» **Data provided**
──────────────────────────────

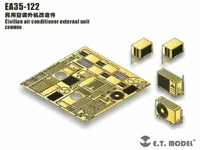 EA35-122  фототравление  Civilian Air Conditioner External Unit (4 шт.)  (1:35) 2000002168690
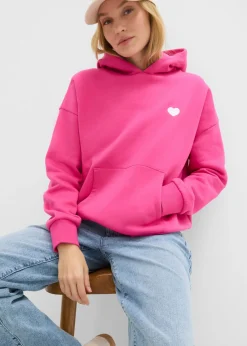 Sale Sudadera oversize de mezcla de algodón suave con capucha Mujer Ropa Cómoda|Novedades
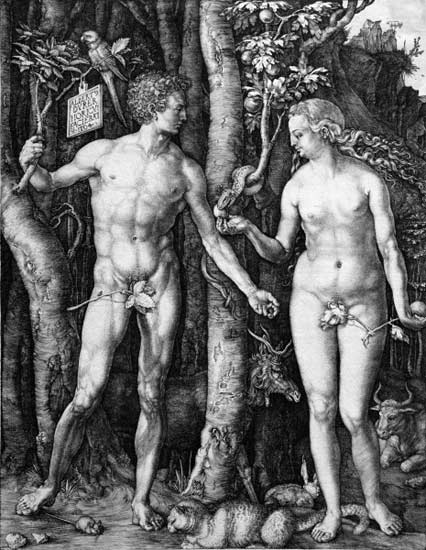 Adam und Eva von Albrecht Dürer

──────────────────────────────

» **Aim of the exercise**
Restate the listing above word for word, and skip the pictures.

» **Solution for this problem**
 EA35-122  фототравление  Civilian Air Conditioner External Unit (4 шт.)  (1:35) 2000002168690
 Sale Sudadera oversize de mezcla de algodón suave con capucha Mujer Ropa Cómoda|Novedades
 Adam und Eva von Albrecht Dürer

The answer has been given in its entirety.